After the major retrospective Derek Jarman PROTEST! at Manchester Art Gallery (December 2, 2021 – April 10, 2022) it is worth remembering the artist’s last exhibition Evil Queen at the Whitworth Art Gallery (September 8– November 5, 1994), made in collaboration with Granada Television and Boddington. Jarman never got to see the exhibition because of his untimely death caused by an AIDS-related illness on 19 February 1994.
Evil Queen exhibited sixteen of the seventeen paintings that the artist made with the help of his assistant Karl Lydon in 1993, the painting missing being Ataxia – Aids is Fun which at the time was on exhibition at the Tate Modern. The exhibition takes the name from one of the paintings on display. The paintings are all large canvases, characterised by thick streaks of colourful oil paint with words and slogans written into the paint which often makes it hard to distinguish from the saturated backdrop. The underlying themes that characterise the paintings are both personal to Jarman and political to the wider community: the slogans and words written in paint allude to the artist’s AIDS related conditions such as his reduced eyesight (Fuck Me Blind) and ataxia, the loss of full control of bodily movements (Dizzy Bitch). The paintings are also significant for their defiant slogans and raising awareness of the realities of living with AIDS in a society where AIDS was surrounded by deep homophobic stigma. It is therefore significant how since his public statement of his HIV positive diagnosis in 1986, he remained an AIDS activist throughout his life up until his death in February 1994. Jarman was a pioneer in AIDS activism in the 1980s and his impact remains relevant to today’s activists.

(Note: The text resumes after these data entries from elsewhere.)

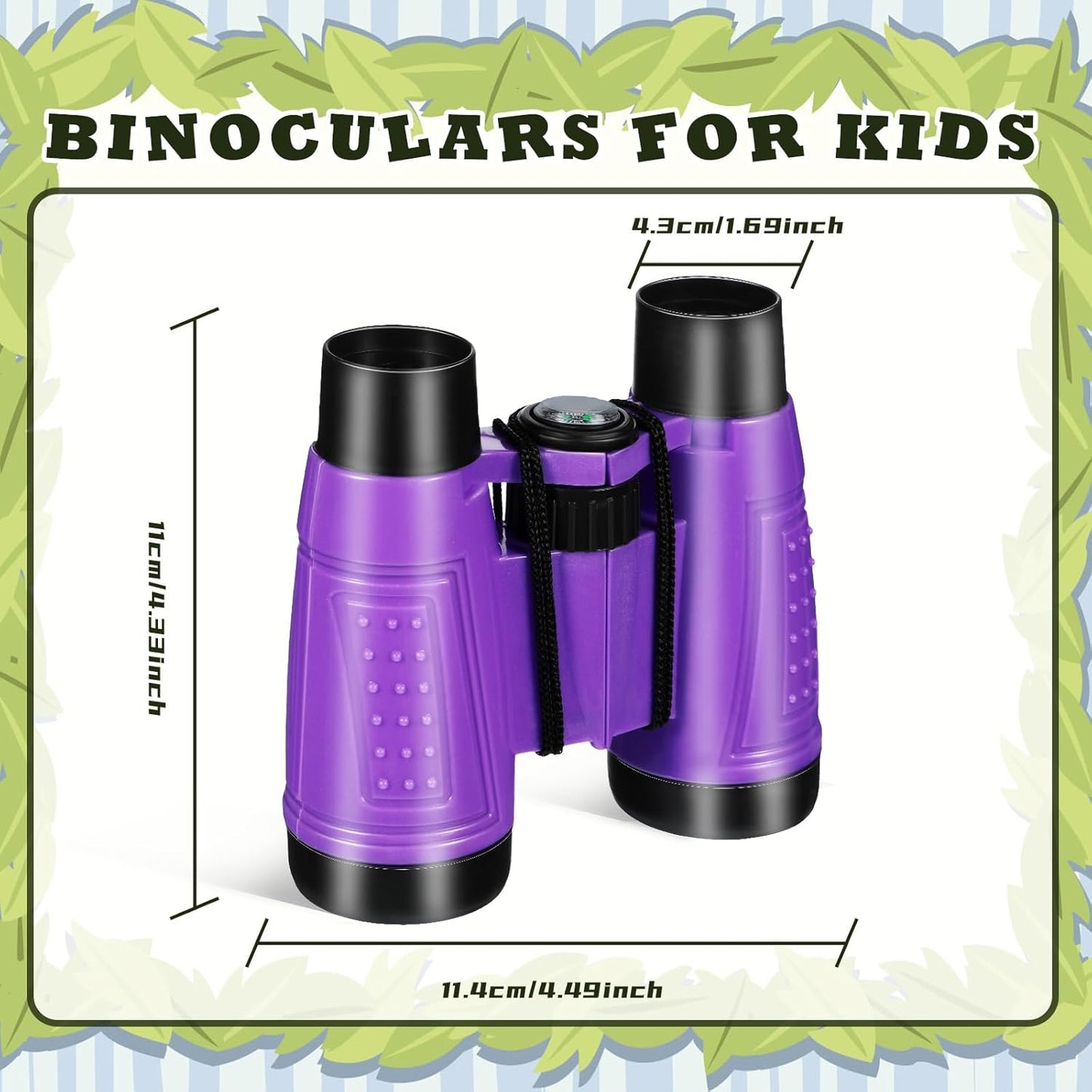 Libima 24 Pcs Binoculars Bulk Educational Compact Binoculars with Neck String Telescope for Learning Bird Watching Camping Hiking Travel Safaris Birthday Gifts(Green)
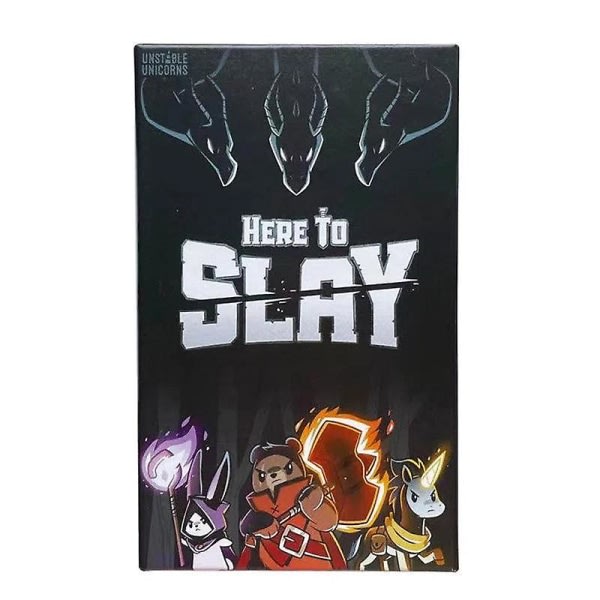 Englanninkielinen versio Here To Slay Is Here To Fight Casual Party Card Game -moninpelistrategiapelistä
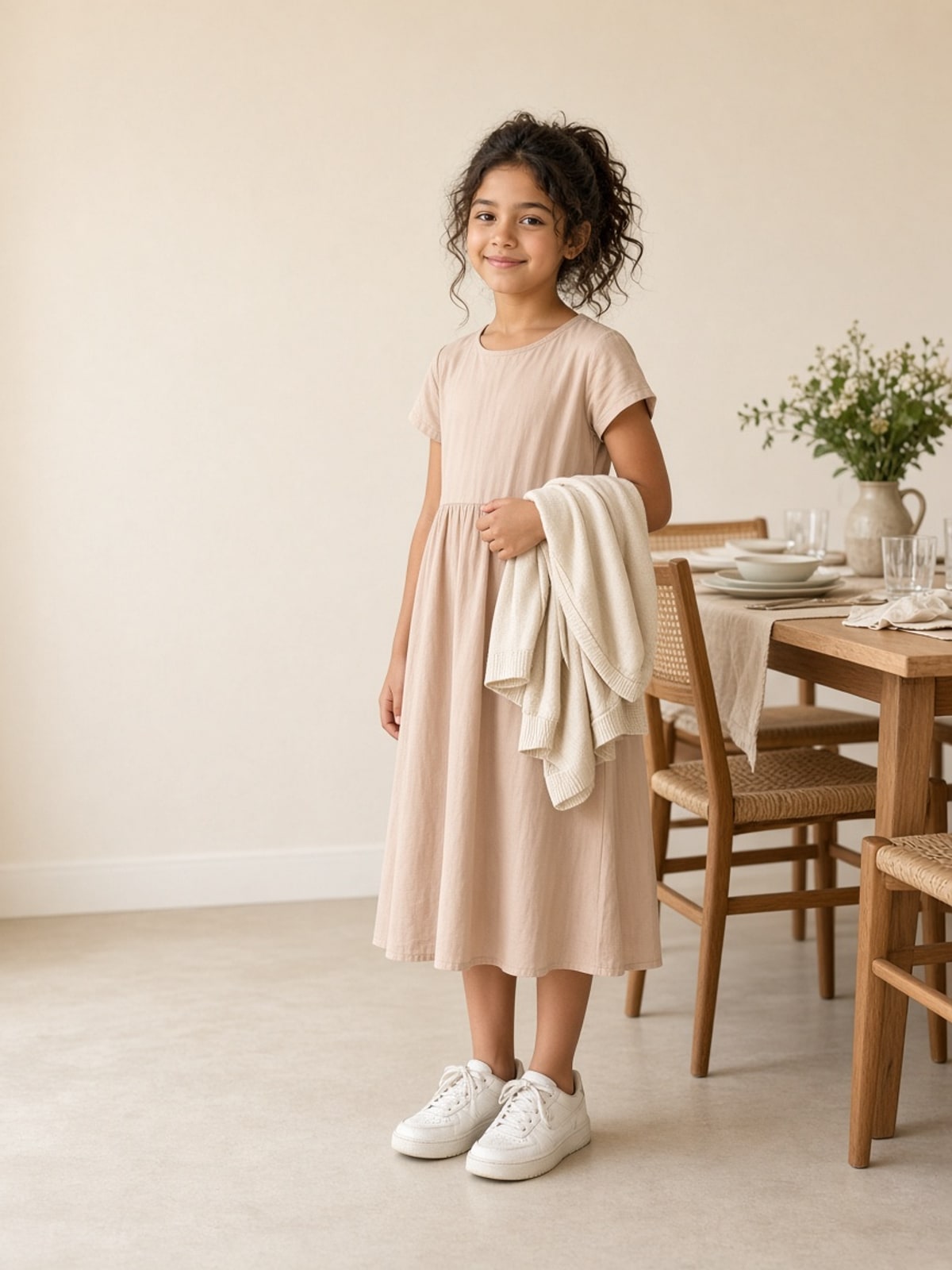 Capa do artigo Look infantil para almoço em família: como escolher peças confortáveis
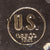 Original U.S. WWII Named 1st Pattern USMC Canteen Cover with Durasnaps and Black Porcelainized Canteen
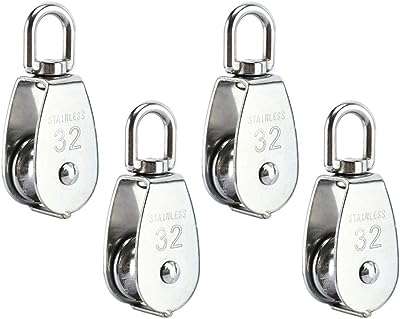 4 pièces m32 bloc de poulie simple creatiee pro robuste en acier. Plongez dans l'univers de DIAYTAR COTE D'IVOIRE, votre boutique en ligne de référence pour des offres discount incroyables. Des indispensables pour la maison aux appareils électroménagers haut de gamme, en passant par les produits informatiques de qualité et les articles de mode tendance, nous sommes là pour vous offrir une expérience shopping exceptionnelle à des prix défiant toute concurrence. Ne manquez pas cette opportunité de faire des économies tout en ajoutant de la valeur à votre quotidien !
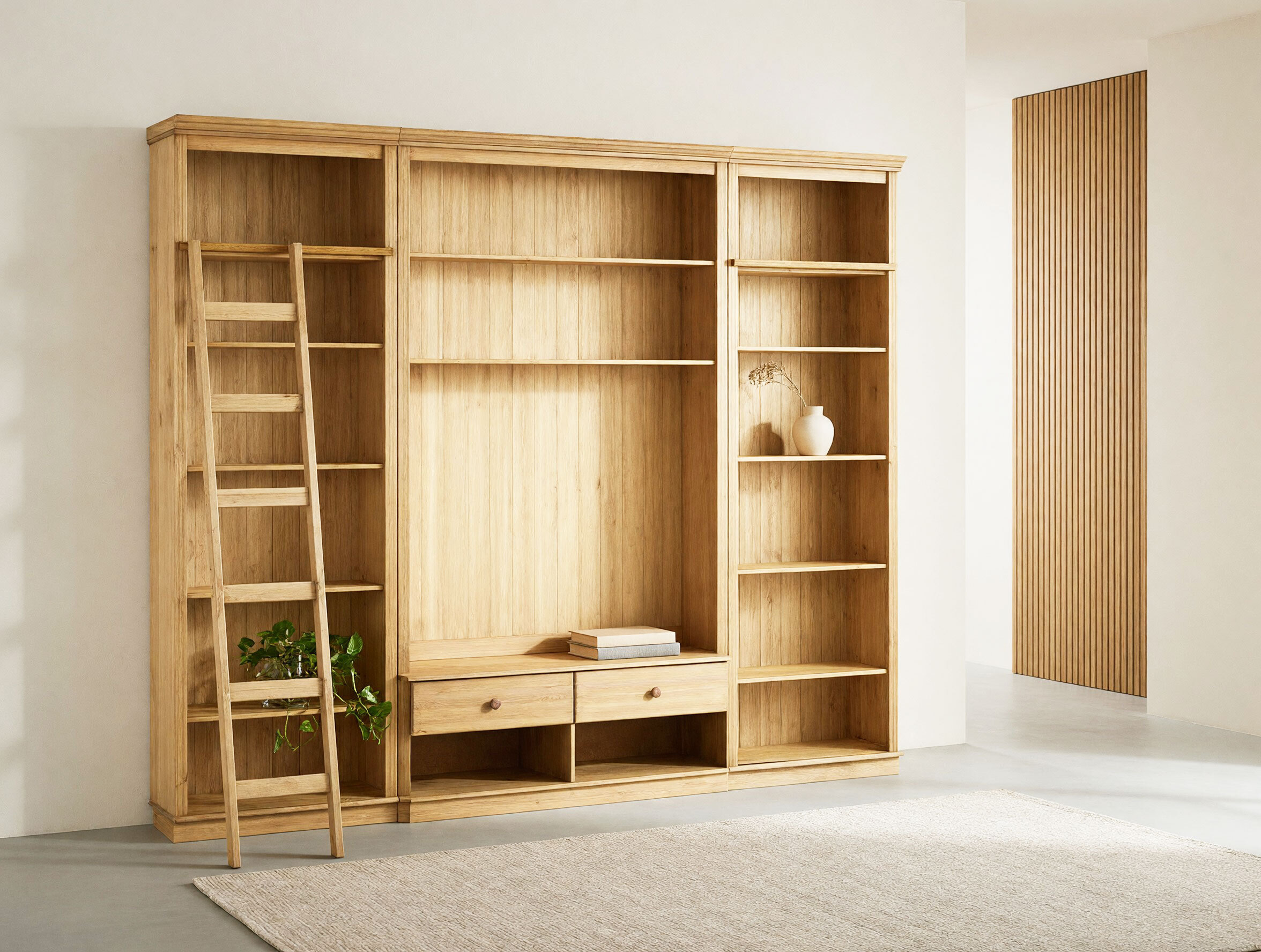 Svetainės komplektas Saltoro 108 (Šviesi ruda)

Images courtesy of The Whitworth, University of Manchester
It is equally significant that the exhibition was housed in Whitworth’s South Gallery, created in the late 1960s, which has a series of windows spilling light across the floor. As the then Director of the Whitworth Alistair Smith points out, the space resembles the refectory of Santa Maria delle Grazie in Milan, where Da Vinci’s Last Supper can be found. The South Gallery also vaguely echoes the architecture of Italian churches, where the walls would usually be decorated with scenes from the lives of saints or Christ’s Stations of the Cross. In turn, the South Gallery exhibited Jarman’s large canvases, drawing a subtle parallel between Christ’s Via Crucis and Derek Jarman’s last years living with AIDS while also covertly hinting at a dichotomy between sacred and profane.